Brief> Every entry below has to appear again in your reply, word for word, but no picture may.

Stored items from a collection:
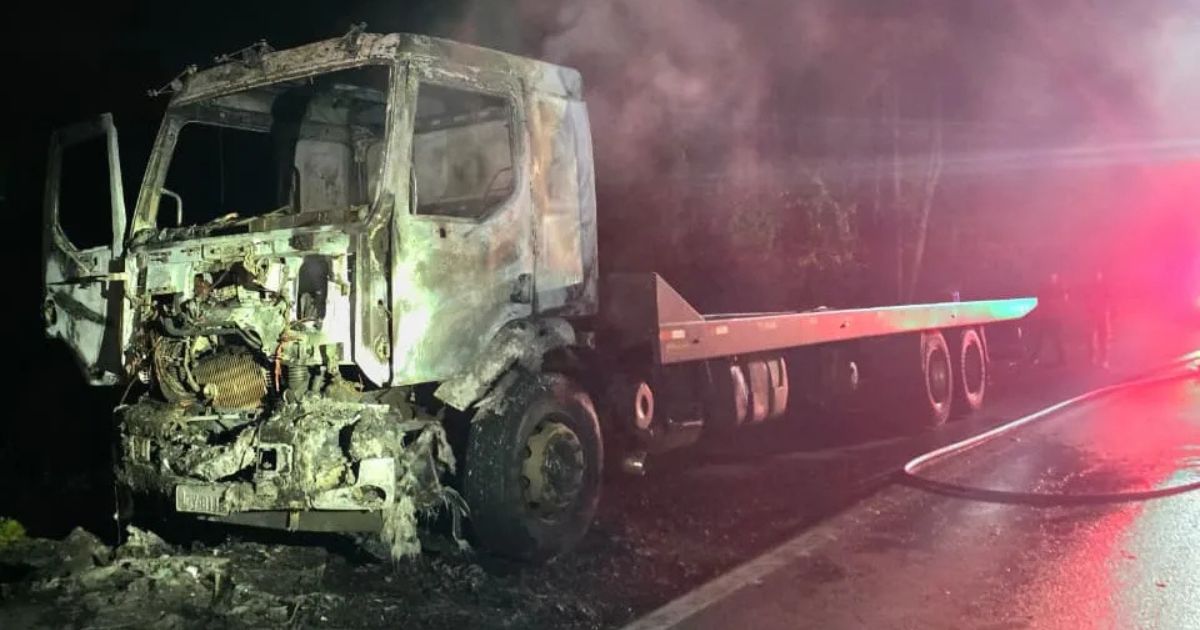 Incêndio destrói cabine de caminhão na BR-282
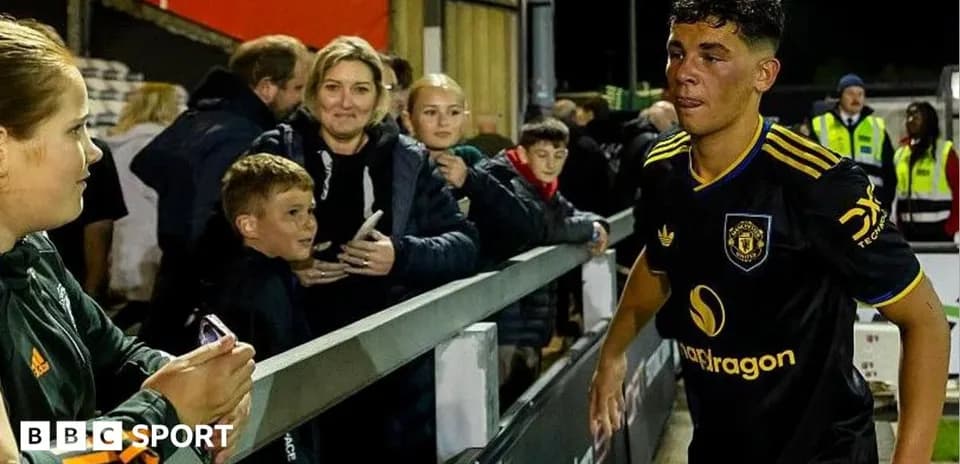 Jugador saliendo del campo mientras los aficionados observan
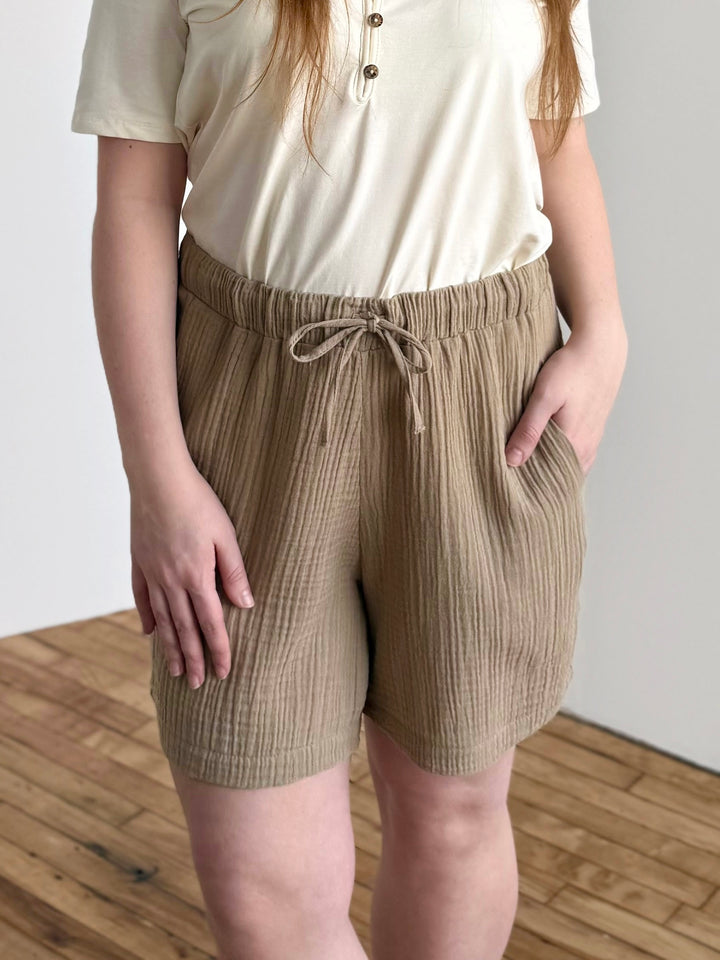 MADRID gauze shorts in Sandy Tan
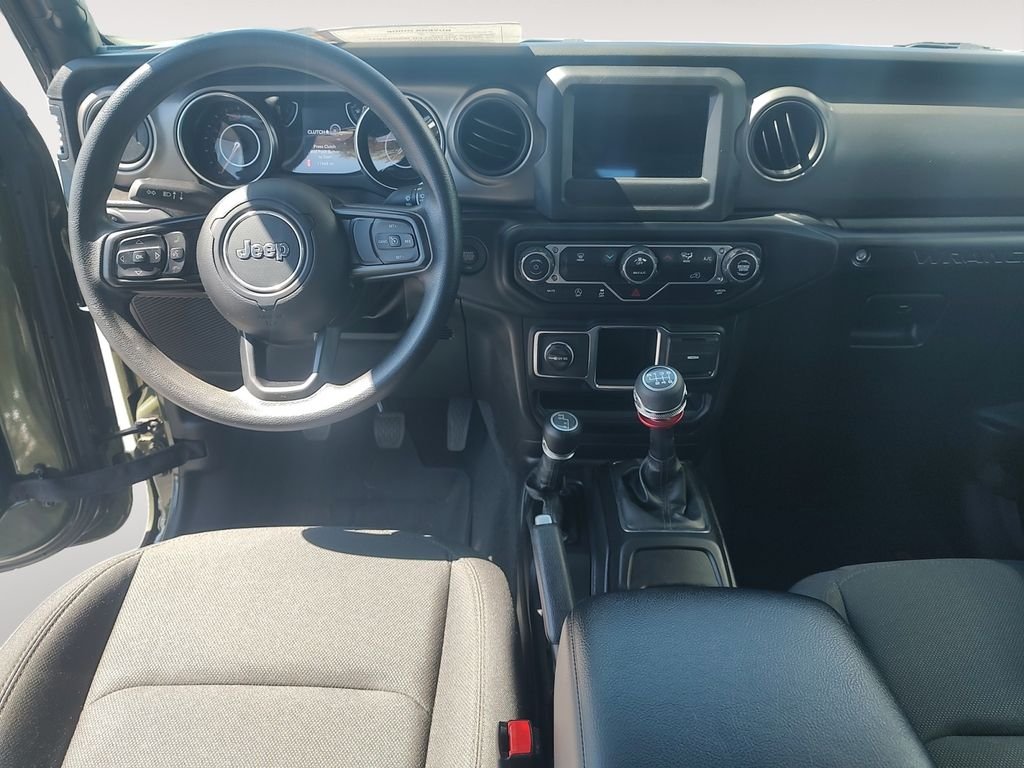 Used 2023 Green Jeep Sport image 10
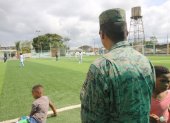 Normalidad. Con la presencia de militares, se creó una escuela de fútbol para niños y jóvenes.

Solution to the problem>
 Incêndio destrói cabine de caminhão na BR-282
 Jugador saliendo del campo mientras los aficionados observan
 MADRID gauze shorts in Sandy Tan
 Used 2023 Green Jeep Sport image 10
 Normalidad. Con la presencia de militares, se creó una escuela de fútbol para niños y jóvenes.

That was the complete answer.